» **Record extracts**:
● ● ● ● ●

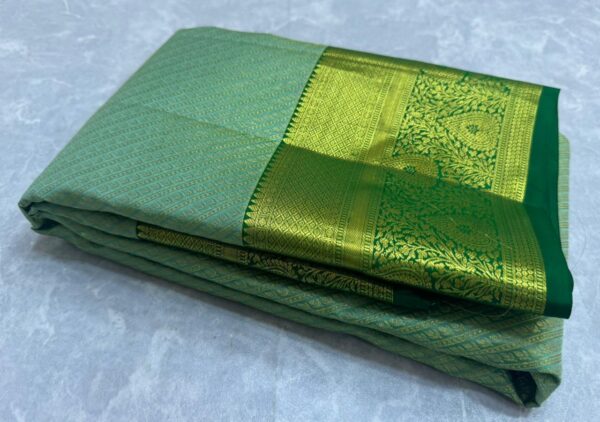 Silk Saree127026 - Image 2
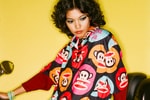 Paul Frank x Anti Social Social Club Is Packed With Nostalgia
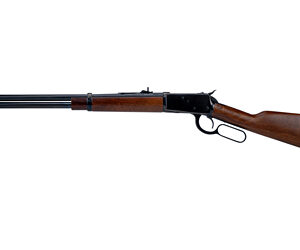 HERITAGE R92 44MAG 20" 10RD BLK RND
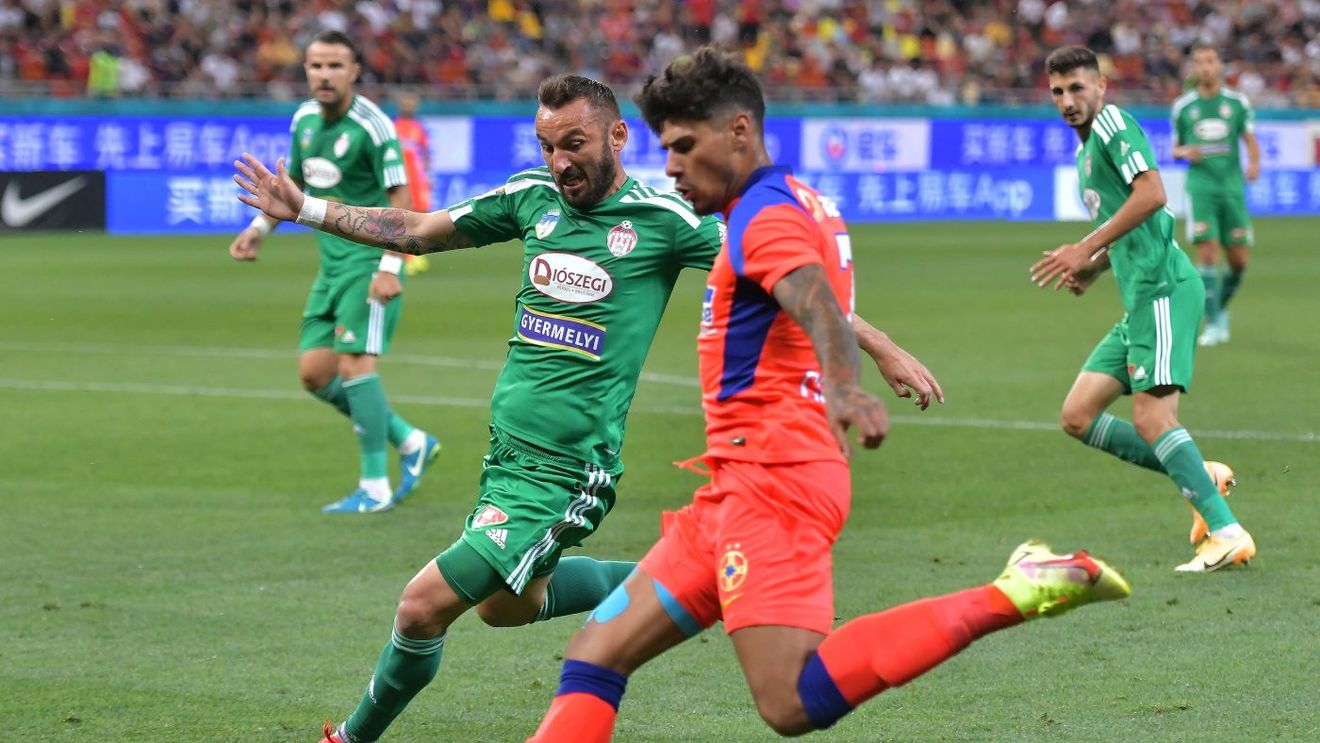 Florinel Coman, la un pas să revină la FCSB! Toni Petrea a lămurit lucrurile: „A făcut o investigație suplimentară!”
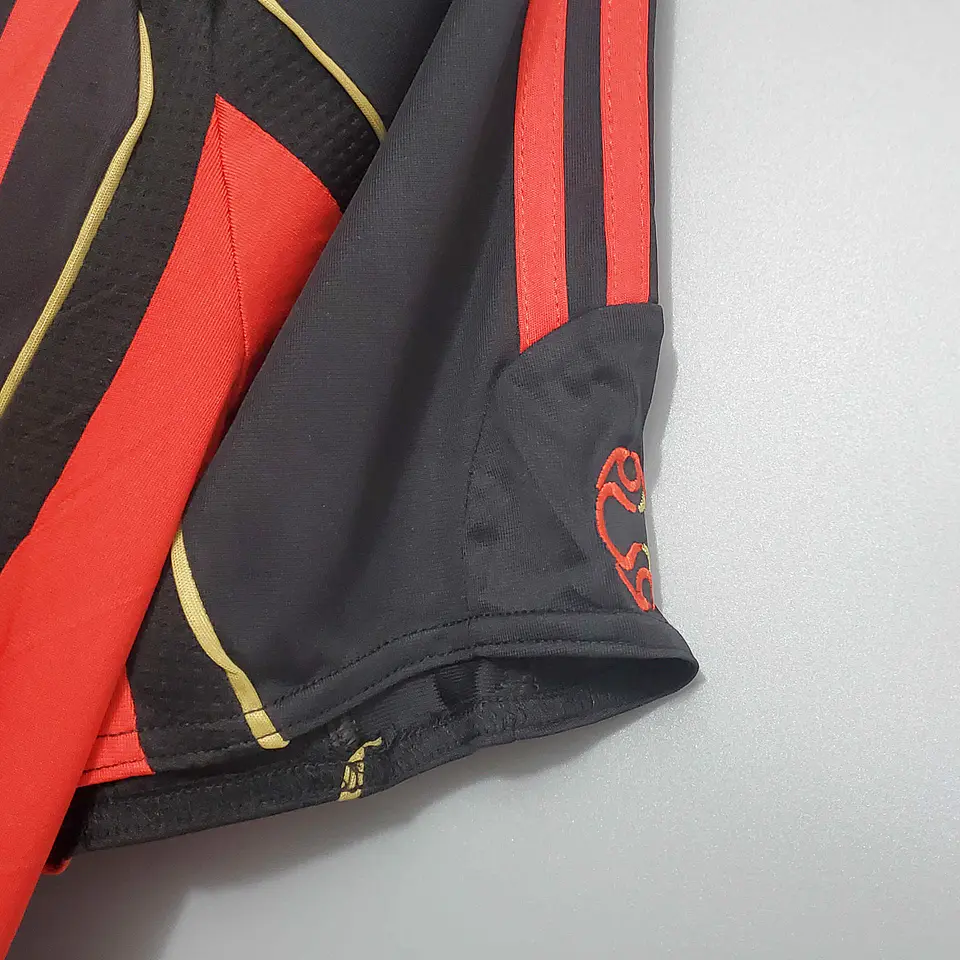 Milan Home 06/07 7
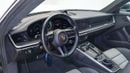 Porsche 911 TURBO S Turbo 3.8L (575 HP) Coupe UAE's Very Best Example | AED 11,013 Per Month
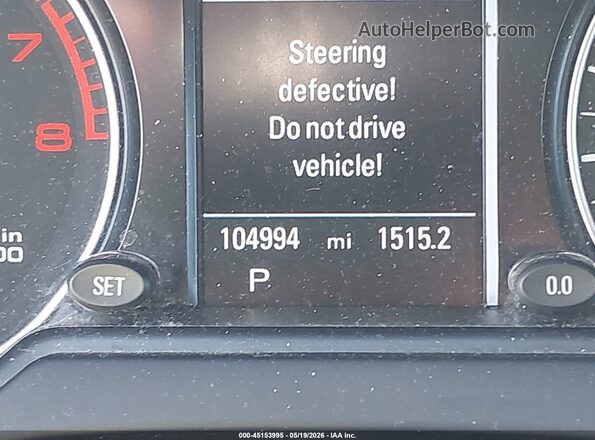 WA1C2AFP1HA055526 2017 AUDI Q5 Черный 
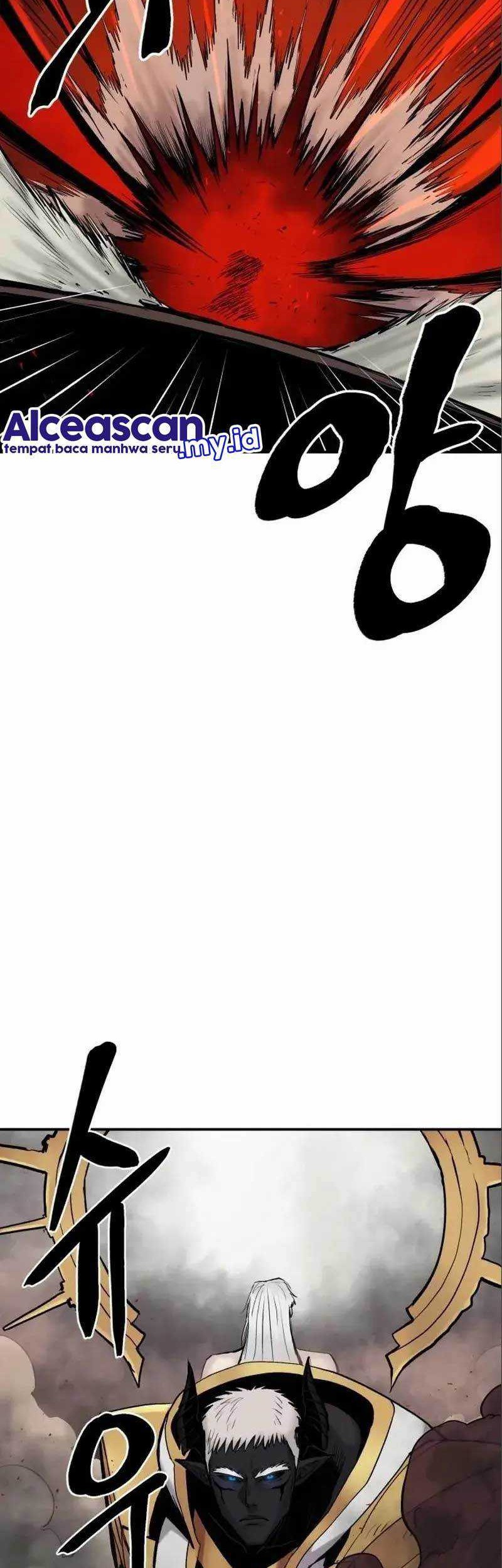 Howling Dragon Chapter 09 Gambar 47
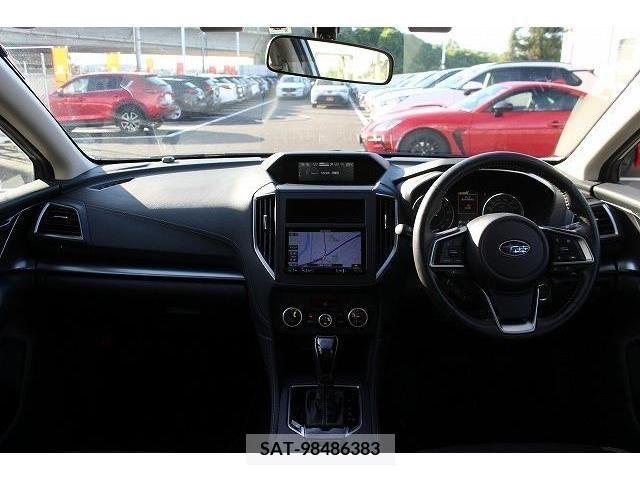 Subaru IMPREZA G4 2017-03 202638-20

● ● ● ● ●

» **Goal of the exercise**:
Everything in the entries except the pictures should be returned exactly as given.

» **Answer to the problem**:
 Silk Saree127026 - Image 2
 Paul Frank x Anti Social Social Club Is Packed With Nostalgia
 HERITAGE R92 44MAG 20" 10RD BLK RND
 Florinel Coman, la un pas să revină la FCSB! Toni Petrea a lămurit lucrurile: „A făcut o investigație suplimentară!”
 Milan Home 06/07 7
 Porsche 911 TURBO S Turbo 3.8L (575 HP) Coupe UAE's Very Best Example | AED 11,013 Per Month
 WA1C2AFP1HA055526 2017 AUDI Q5 Черный 
 Howling Dragon Chapter 09 Gambar 47
 Subaru IMPREZA G4 2017-03 202638-20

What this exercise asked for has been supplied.